1. Alliteration. Alliteration is when you use words in close proximity to one another which all have the same sound (usually at the start of the sentence). Many tongue twisters use alliteration–“she sells seashells by the sea shore” uses both the sh sound and the se sound to create its bet-you-can’t-say-that-three-times-fast trickiness. Alliteration can be used to highlight important words in a sentence and tie them all together into one coherent idea and create a common unifying factor. It can also manipulate our emotions–harsh consonants like hard or give a feeling of strength and resolve, while softer sounds like are peaceful, like in “happy holidays.” Use alliteration to catch a reader’s attention or evoke certain emotions.

2. Repetition. Have you ever noticed how politicians in speeches love to repeat themselves? For instance, in President Obama’s 2013 State of the Union address, he ad libbed additional references to “they deserve a vote” throughout his speech, making one of the strongest and most remembered rhetorical moments of the evening. This is simple repetition, when the exact phrase is said multiple times in a piece of emphasis. This technique can also be used to tweak the meaning of the first mention of the phrase, as in Benjamin Franklin’s “We must all hang together, or assuredly we shall all hang separately.” By playing with various meanings of words, we can make short, memorable phrases that pop out at people. Don’t be afraid to repeat yourself and double back. Just use it judiciously.

3. Metaphors and similes. Metaphor is language that compares one thing to another seemingly unrelated thing–“he was a great bear of a man,” for example. The man is (probably) not an actual bear, but we are able to understand that we’re probably talking about a large, perhaps hirsute, gentleman. A simile does the same thing, but rather than saying he is a bear, we would say he is “like a bear.” At any rate, metaphorical language allows us to step out of our preconceived notion of a thing and view it in a new light.
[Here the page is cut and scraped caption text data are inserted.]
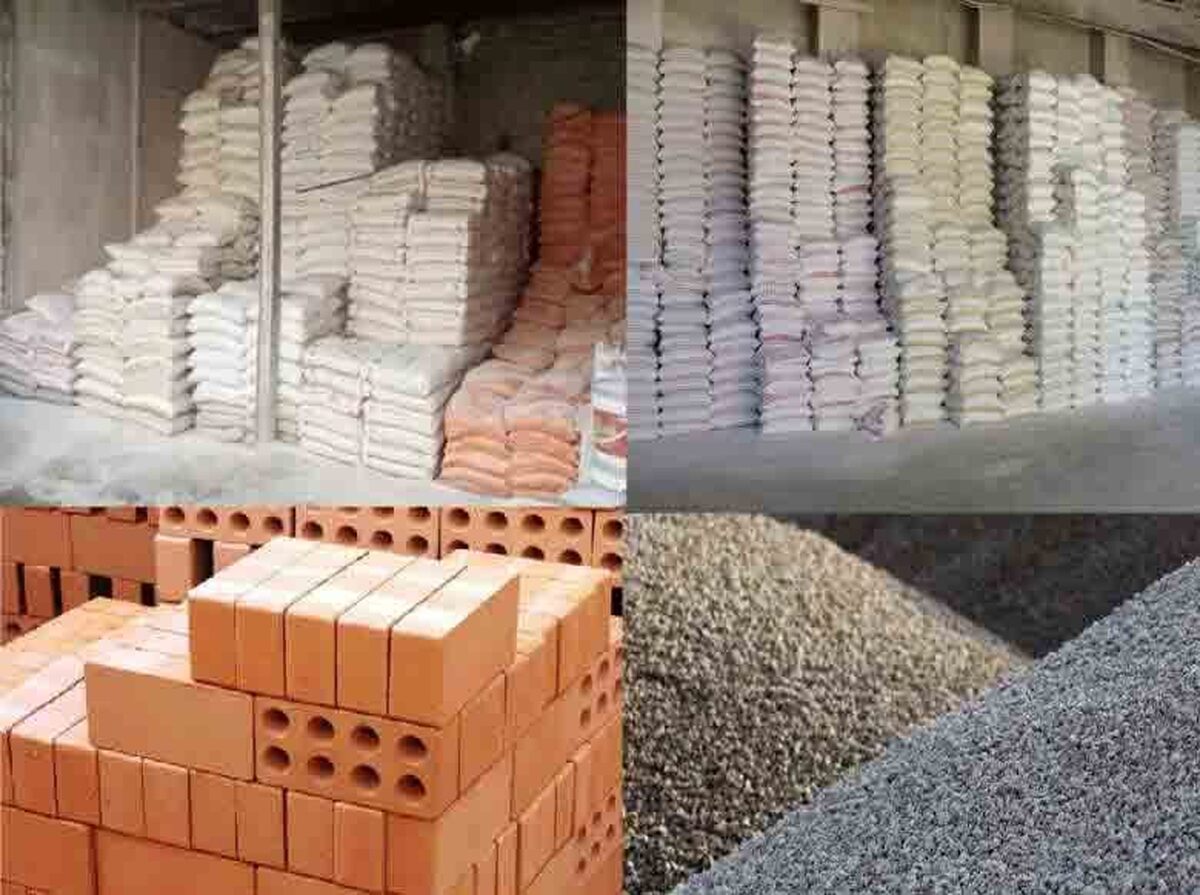  افزایش قیمت مصالح ساختمانی در همه گروه‌ها+ جزئیات 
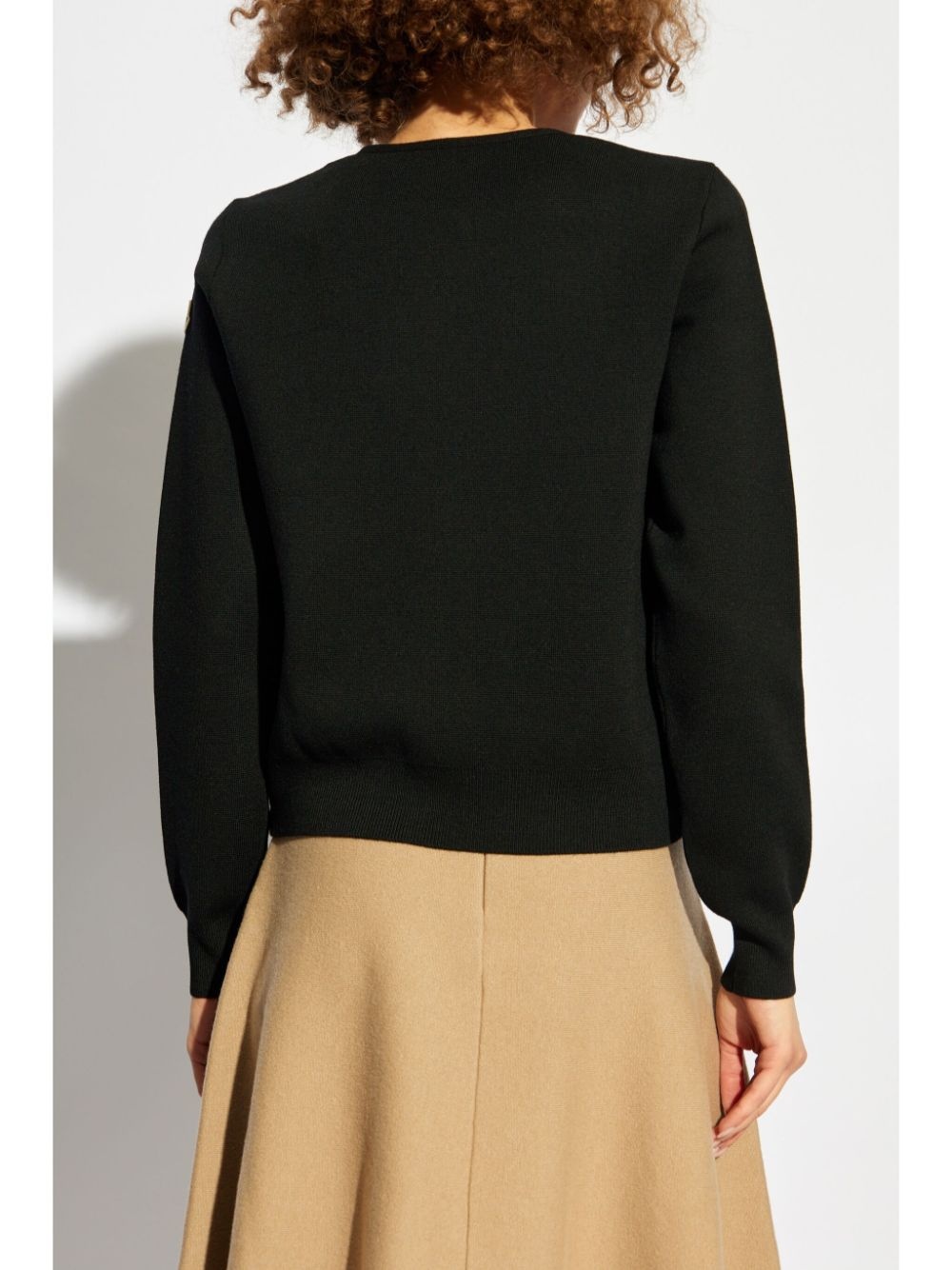 padded wool cardigan - 4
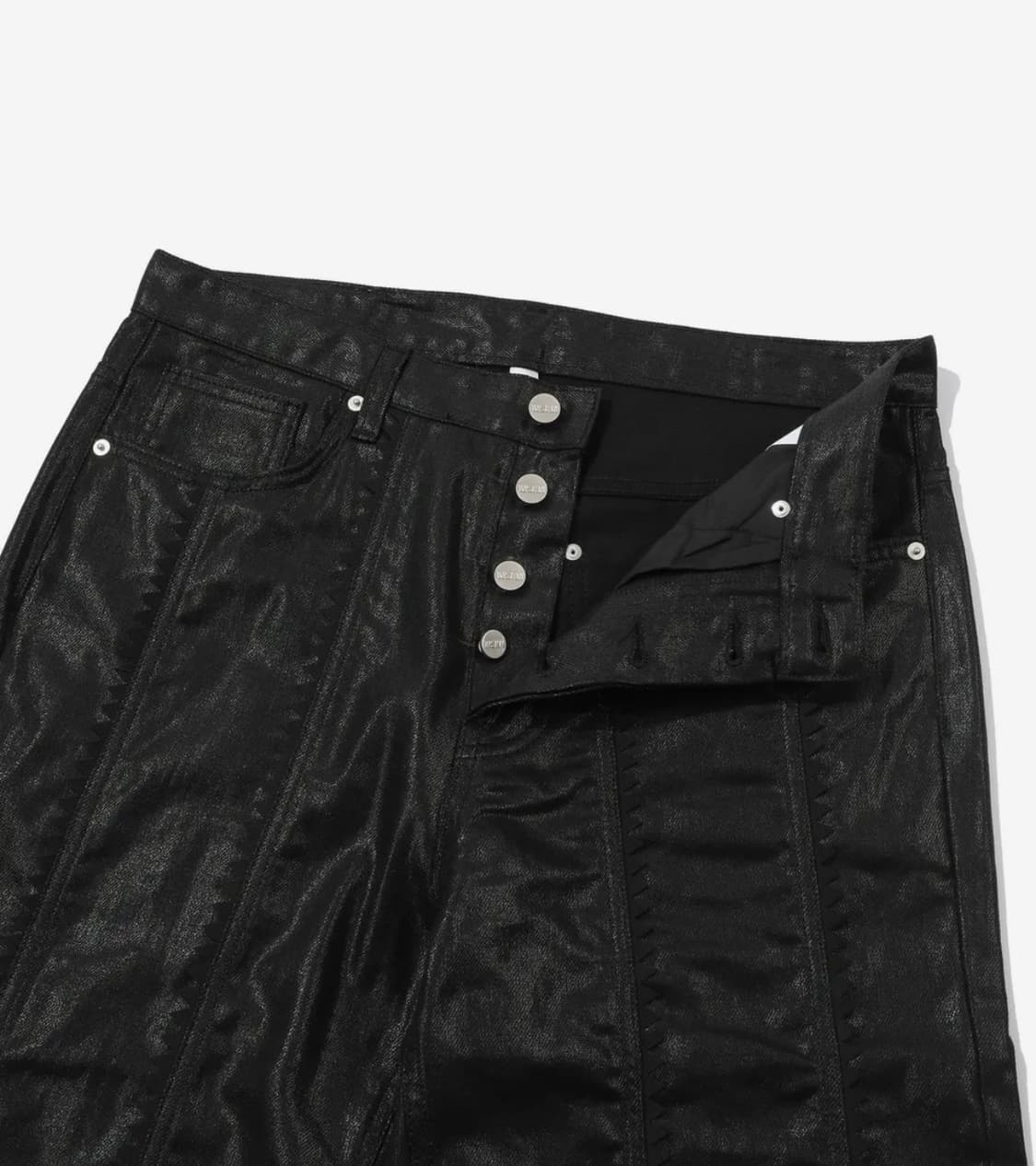 웨스켄 소투스 라인 코티드 팬츠(블랙) 상품이미지3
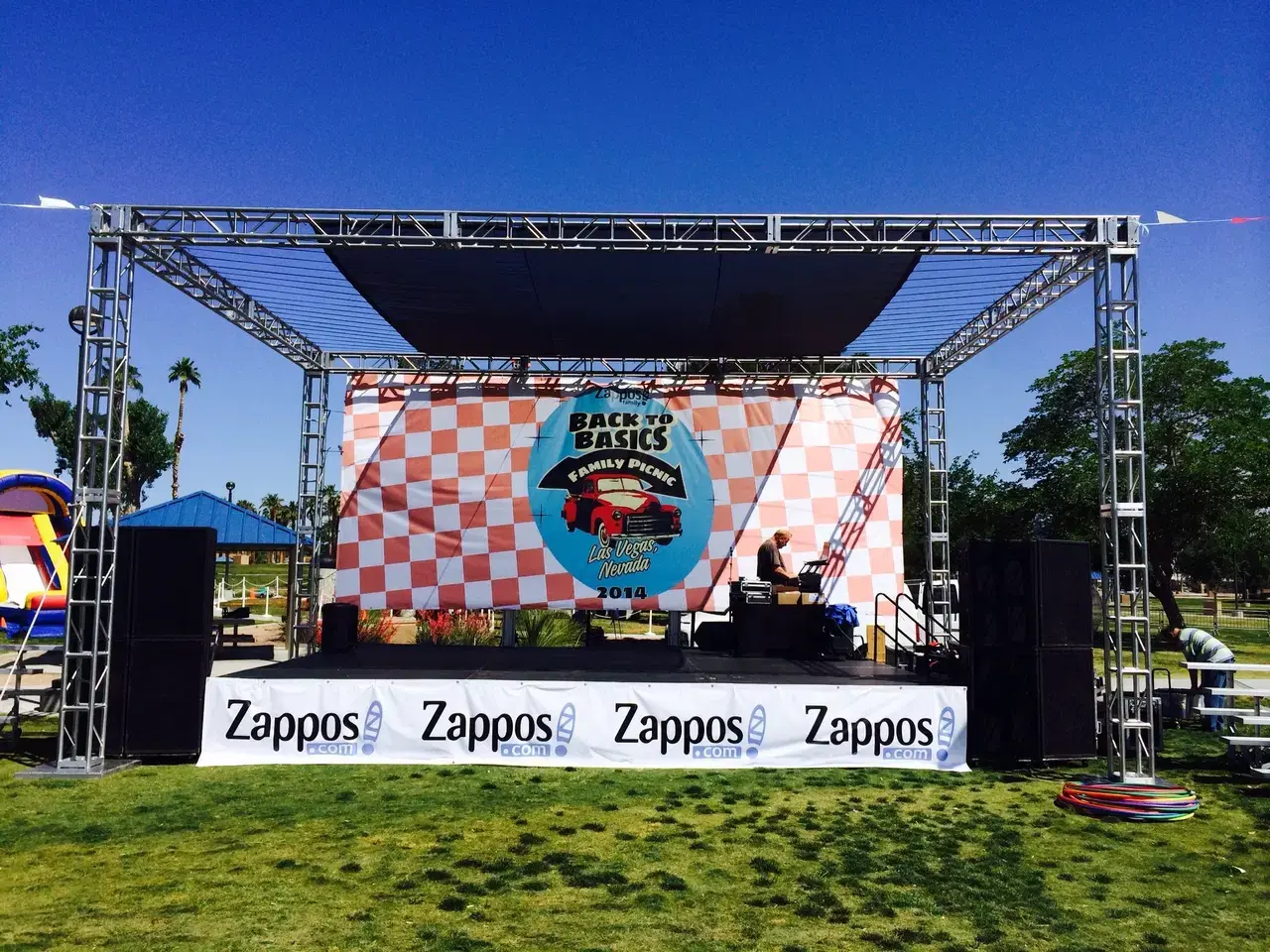 Small Band Stage Performance Platform Las Vegas Event Production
That’s why those “what Walter White can teach you about social media” posts are forever so popular–it’s an extended metaphor. While those posts are admittedly not my favorite, they do work. And metaphors can help you in other ways–describing what a product is like if it’s not immediately familiar, putting a complex idea into an understandable context, and so on.

Most blogging is, in one fashion or another, persuasive rhetoric. Whether you know it or not, by blogging and using rhetorical devices like these, you are connected to a great lineage of writers which extends back to the ancient Greeks. Don’t be afraid to play with language, dust off your English books and let your literary side run free.